Why $0!$ is equal to $1$? [duplicate]
Many counting formulas involving factorials can make sense for the case $n= 0$ if we define $0!=1 $; e.g., Catalan number and the number of trees with a given number of vetrices. Now here is my question:
If $A$ is an associative and commutative ring, then we can define an unary operation on the set of all the finite subsets of our ring, denoted by $+ \left(A\right) $ and $\times \left(A\right)$. While it is intuitive to define $+ \left( \emptyset \right) =0$, why should the product of zero number of elements be $1$? Does the fact that $0! =1$ have anything to do with 1 being the multiplication unity of integers?
Solution 1:
Here are two resons.
We can define $n!$ to be the number of rearrangements of $n$ distinct objects in a list. The empty list has one rearrangement: itself.

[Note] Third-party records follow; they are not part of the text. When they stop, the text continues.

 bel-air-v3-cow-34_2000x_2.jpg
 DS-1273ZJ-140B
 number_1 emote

We can define $n!$ as the product of all positive integers $k$ with $1\le k \le n$. If $n$ is zero, we have an empty product. An empty product must be neutral for multiplication, so it must be 1.
Take your pick.
Solution 2:
In general, we want the "associative" law to hold in the form: $$ \times(A \cup B) = (\times A) (\times B) $$ whenever $A$ and $B$ are disjoint. What would this mean when $B = \emptyset$ ??
Solution 3:
I think that the definition $0!=1$ is the one which makes most of the formulas work nicely.

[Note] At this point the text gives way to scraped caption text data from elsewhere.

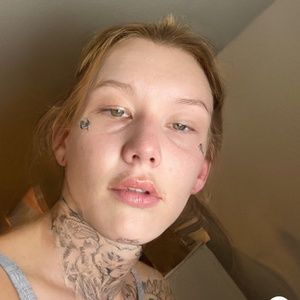 Meet your Posher, Kahn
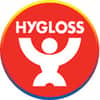 Hygloss Logo
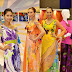 Kuala Lumpur International Batik Convention and Exhibition 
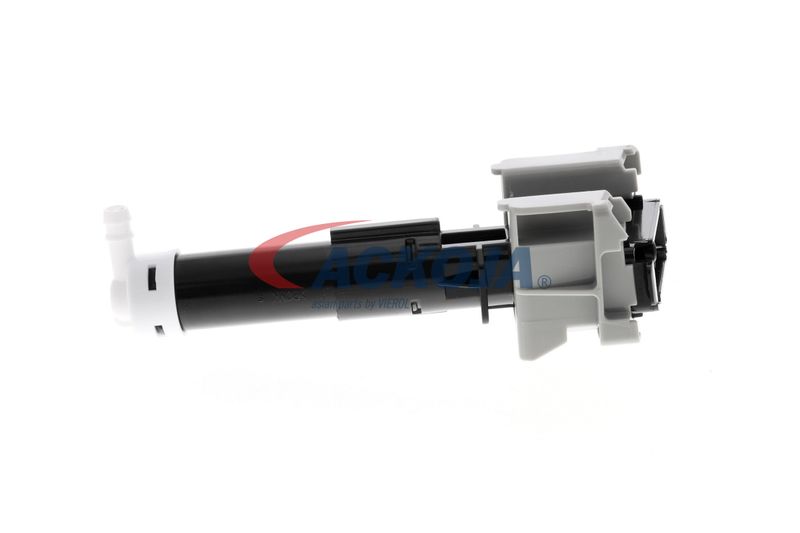 ACKOJA A32-08-0006 Washer Fluid Jet, headlight cleaning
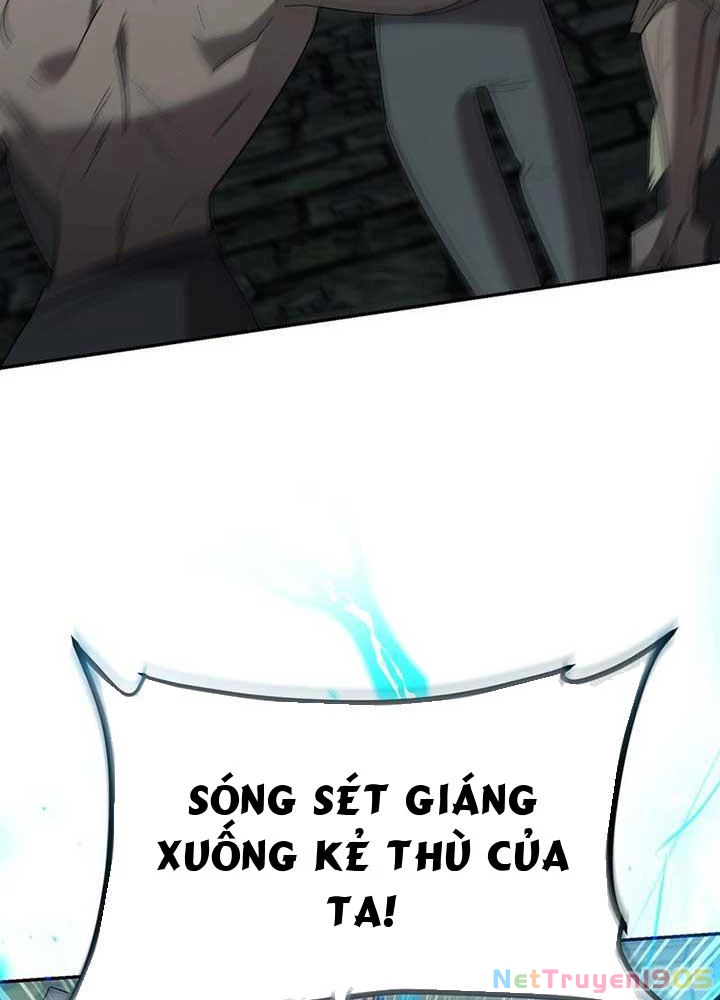 Sống Như Đứa Con Được Cưng Chiều Của Bạo Chúa Chapter 26 - 58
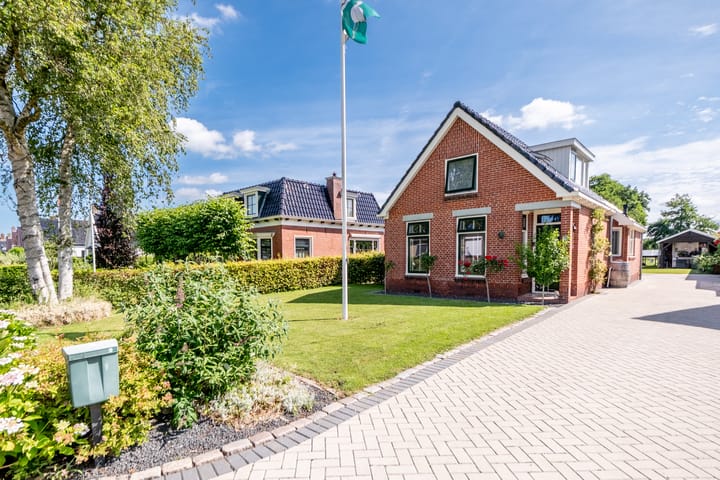 Meester Nennstiehlweg 38 main image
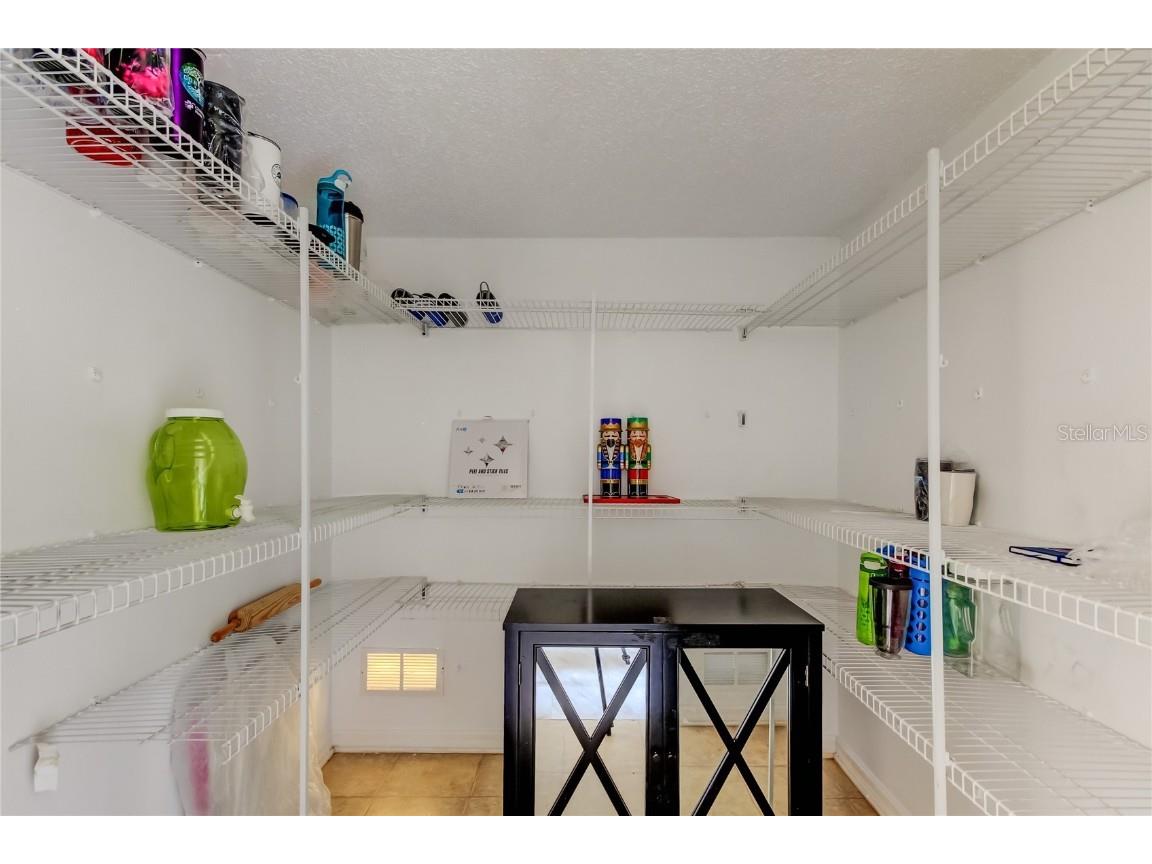 11309 Outrigger Avenue Spring Hill FL 34608 TB8334479 image18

For example $(n+1)!=n! (n+1)$ also works for $n=0$, as long as $0!=1$.
But most importantly, $\binom{n}{k}$ also works in the case $k=0$. Note that $\binom{n}{0}$ has to be $1$, if you want to have a nice formula for $(a+b)^n$. So for convenienceence, we define $\binom{n}{0}$ to be $1$, and if you want the binomial coefficient to be given by the standard formula, then $0!$ has to be 1.
Solution 4:
Multiplying by $1$ is the same as not multiplying by anything at all.
Solution 5:
As pointed out in one of the answers to this math.SX question, you can get the Gamma function as an extension of factorials, and then this falls out from it (though this isn't a very combinatorial answer).